Saturday, February 20, 2021

The Blackberry Chronicles

I’m picking up the pen to blog again. I’m working on a memoir of my old neighborhood Earlington, in Renton, Washington. The first rough draft I’ve worked on over several months is mostly about when we moved here in 1956 through 1962 and the Seattle World’s Fair. 


These rough sketches are mostly about being a kid 7 to 12 years old. I’m having issues with it, several false starts, and I’m way too self conscious. There’s no flow to the stories yet, but I’m determined to keep it going. My motivation to complete it has a lot to do with documenting it for my kids. Like, there was a time before the digital age, the information age, the globally connected age, and here’s a few stories.


Our home in Earlington, Renton WA. (circa 1958)


I’m going to be 71 in a few weeks, so I’m likely facing (MAI) mortality awareness issues. I’ve thought a lot about Family history this last year and continue to feel the pangs of not having asked them the many questions I wish I would have before they passed from our physical plane to the ethereal cosmos.

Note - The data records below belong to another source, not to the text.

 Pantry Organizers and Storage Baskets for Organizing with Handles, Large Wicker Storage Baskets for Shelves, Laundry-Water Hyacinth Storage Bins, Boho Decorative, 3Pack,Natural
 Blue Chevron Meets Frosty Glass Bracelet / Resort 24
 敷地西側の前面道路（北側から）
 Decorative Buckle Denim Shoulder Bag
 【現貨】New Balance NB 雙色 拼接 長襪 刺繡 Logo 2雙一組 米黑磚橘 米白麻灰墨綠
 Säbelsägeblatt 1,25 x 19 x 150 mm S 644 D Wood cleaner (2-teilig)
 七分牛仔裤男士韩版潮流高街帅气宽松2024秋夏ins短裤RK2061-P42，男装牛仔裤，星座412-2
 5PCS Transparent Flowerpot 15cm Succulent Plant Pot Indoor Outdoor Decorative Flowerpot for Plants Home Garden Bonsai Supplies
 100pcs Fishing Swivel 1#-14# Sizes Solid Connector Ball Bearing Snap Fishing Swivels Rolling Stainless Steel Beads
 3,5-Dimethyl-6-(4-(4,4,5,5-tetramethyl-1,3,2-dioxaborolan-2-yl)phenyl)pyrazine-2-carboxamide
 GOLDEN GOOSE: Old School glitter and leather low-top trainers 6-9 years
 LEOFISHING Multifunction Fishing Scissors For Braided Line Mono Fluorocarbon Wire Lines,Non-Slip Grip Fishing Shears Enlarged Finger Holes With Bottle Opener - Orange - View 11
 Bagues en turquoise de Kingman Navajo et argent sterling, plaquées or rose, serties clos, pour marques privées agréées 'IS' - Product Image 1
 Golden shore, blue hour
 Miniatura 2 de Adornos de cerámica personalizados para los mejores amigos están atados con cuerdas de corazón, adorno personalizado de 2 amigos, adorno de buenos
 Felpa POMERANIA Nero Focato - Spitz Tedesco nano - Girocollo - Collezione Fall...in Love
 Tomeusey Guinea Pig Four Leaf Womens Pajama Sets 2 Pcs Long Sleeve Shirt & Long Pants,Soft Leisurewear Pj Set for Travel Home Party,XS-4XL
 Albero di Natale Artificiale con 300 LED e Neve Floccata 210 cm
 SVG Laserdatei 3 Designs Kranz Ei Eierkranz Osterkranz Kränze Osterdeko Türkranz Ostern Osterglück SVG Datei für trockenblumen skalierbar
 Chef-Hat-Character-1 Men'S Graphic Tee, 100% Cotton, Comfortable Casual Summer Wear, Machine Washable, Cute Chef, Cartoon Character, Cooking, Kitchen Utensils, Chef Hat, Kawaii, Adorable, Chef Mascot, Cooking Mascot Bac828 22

This blog's title, The Blackberry Chronicles, denotes a deep reflection back to those days of innocence, though I’ve been very inconsistent about maintaining its themes and direction. And, very much like me, it’s totally eclectic and scattered with randomness and rabbit hole adventures. 


Building our clubhouse in the back yard. (circa 1958)

It has nothing to do with Blackberry phones! Though my first smartphone was one of them. Across the street from our home was the Little Woods and to the West a few blocks or so was The Big Woods. Many adventures would take place here and the blackberry bushes (or as we kids referred to them back then) ‘the sticker bushes’ prevailed. Great places for secret camps!


Now I’m plotting a new (old) course and at least for a while I plan to use it to work through some ideas, memories and stories of these early days so my kids have a record.


Mom and her sisters, Auntie's Marjorie and Mildred. (circa 1957)


Our neighborhood was only a mile and a nice walk to downtown. It was rural in nature and feel. It was an old neighborhood on the west side of town. No sidewalks, open drainage ditches, a few street light bulbs on telephone poles here and there and no cul-de-sacs. It was a simple old grid and most every home had an alley with a garage out back. Our little niche was the area below Sunset Highway, also known as Dunlap Canyon Road, then later Martin Luther King Jr. Way.





I live on the East Hill now, heading up past City Hall on Benson Road.